At this the young knights laid their hands to their swords, but the older knights, who had self-control enough to hide their feelings, waited to see what the king would do.

Arthur bowed courteously to the messengers, and told them that he would soon give them an answer. He commanded a knight to take them to a lodging, and to [162] see that they had all they needed, and he ordered that no harm should be done them. Then he called a council of his great lords and asked their advice.

Sir Lancelot, Arthur's favorite lord, spoke first, saying:

"My lord, we have rested for many weeks, and can make sharp war now. In days gone by, we should not have dared attack the Romans, and indeed, our attempt will make the world wonder. But of a truth, we ought to fight."

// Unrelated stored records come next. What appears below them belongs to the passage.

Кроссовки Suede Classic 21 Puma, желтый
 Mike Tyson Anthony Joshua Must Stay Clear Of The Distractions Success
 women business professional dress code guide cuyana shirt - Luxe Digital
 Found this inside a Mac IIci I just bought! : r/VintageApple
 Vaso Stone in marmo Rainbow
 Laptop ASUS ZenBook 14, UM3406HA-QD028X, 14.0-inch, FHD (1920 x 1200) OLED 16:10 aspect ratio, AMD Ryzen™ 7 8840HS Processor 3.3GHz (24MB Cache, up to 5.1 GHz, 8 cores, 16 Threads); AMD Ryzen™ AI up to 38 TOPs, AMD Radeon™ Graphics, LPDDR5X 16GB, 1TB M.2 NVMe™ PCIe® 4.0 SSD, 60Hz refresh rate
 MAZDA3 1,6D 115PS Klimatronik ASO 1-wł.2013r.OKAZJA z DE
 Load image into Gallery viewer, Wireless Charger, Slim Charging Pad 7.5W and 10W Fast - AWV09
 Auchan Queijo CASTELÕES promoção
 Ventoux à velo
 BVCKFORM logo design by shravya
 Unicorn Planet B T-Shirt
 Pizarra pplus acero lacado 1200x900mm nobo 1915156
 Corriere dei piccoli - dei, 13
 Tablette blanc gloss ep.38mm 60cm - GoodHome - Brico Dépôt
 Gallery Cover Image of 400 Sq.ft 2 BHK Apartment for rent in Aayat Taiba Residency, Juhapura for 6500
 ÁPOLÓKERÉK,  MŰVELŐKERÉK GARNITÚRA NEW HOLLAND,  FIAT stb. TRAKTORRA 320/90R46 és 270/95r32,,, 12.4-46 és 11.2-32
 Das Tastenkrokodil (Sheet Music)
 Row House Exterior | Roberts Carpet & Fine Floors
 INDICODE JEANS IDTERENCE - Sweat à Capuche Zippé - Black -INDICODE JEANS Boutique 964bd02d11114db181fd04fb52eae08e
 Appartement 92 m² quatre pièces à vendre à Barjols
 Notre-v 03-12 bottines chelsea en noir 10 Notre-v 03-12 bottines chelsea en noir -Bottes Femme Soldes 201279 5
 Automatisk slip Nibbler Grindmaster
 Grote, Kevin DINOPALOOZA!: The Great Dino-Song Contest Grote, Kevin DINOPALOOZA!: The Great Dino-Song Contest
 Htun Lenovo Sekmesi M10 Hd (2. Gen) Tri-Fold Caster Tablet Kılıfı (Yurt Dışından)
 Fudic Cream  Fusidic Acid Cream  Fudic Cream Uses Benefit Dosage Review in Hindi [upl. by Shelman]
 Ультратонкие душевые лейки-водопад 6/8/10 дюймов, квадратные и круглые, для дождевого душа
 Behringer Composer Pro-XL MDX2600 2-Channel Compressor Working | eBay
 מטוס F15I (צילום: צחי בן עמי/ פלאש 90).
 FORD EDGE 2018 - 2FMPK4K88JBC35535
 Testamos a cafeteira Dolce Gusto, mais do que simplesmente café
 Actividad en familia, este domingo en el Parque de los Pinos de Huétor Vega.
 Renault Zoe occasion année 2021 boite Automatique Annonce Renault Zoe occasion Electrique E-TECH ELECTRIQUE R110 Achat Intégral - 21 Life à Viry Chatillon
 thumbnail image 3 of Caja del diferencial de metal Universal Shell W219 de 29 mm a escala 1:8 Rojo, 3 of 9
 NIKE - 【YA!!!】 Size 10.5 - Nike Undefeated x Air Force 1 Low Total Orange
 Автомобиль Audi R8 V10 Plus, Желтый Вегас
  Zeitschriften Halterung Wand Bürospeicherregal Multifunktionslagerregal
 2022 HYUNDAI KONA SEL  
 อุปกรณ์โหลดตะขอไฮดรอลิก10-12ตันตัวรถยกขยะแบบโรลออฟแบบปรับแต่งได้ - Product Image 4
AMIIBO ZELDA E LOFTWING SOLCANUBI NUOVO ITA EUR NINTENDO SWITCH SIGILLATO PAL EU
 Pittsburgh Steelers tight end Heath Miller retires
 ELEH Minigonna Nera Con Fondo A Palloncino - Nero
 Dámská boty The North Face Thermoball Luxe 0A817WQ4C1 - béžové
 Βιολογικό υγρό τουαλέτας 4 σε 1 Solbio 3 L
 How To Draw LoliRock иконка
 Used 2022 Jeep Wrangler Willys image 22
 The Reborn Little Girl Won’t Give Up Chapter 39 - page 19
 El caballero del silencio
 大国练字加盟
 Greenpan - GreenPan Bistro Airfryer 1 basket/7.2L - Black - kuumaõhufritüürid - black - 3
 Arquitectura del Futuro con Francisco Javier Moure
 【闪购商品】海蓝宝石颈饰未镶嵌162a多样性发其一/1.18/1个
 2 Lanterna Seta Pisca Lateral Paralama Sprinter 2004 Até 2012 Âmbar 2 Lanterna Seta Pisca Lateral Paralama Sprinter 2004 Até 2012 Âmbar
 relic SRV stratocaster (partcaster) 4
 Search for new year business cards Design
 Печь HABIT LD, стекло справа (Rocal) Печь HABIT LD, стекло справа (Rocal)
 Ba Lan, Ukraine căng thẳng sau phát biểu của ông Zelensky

Then spoke King Angus of Scotland:

"My lord Arthur, you are the greatest lord on earth. You have made all of us lesser kings your subjects, and bound the kingdom together, and stopped our civil wars. We love you and we will help you. We pray you to make war on these Romans. When they ruled our elders, they demanded much gold and made our people very poor. If you will fight, I will furnish you with twenty thousand men, and will bear all the cost of them myself."

Then all the other lords promised to furnish men and arms. When Arthur heard this, he was glad of their courage and good [163] will. He called in the messengers and said to them:

"Return to your emperor. Tell him that I refuse his command, for I owe him nothing. I have won this kingdom by my own strength. Tell him that I shall come with all my army to Rome and make him acknowledge me as lord."

Then Arthur told his treasurer to give the messengers gifts, and to take them safely out of the country. Sir Lancelot conducted them to the sea, where they took ship and sailed to France. On they journeyed over the Alps and into Italy. When they told the emperor of Rome their message, he said:

"I had thought Arthur would yield."

But the messengers said:

"Sir, his face would have told you, if you had seen it, that he would never yield. In truth, there is need of fear, for he is a great king and surrounded by great knights."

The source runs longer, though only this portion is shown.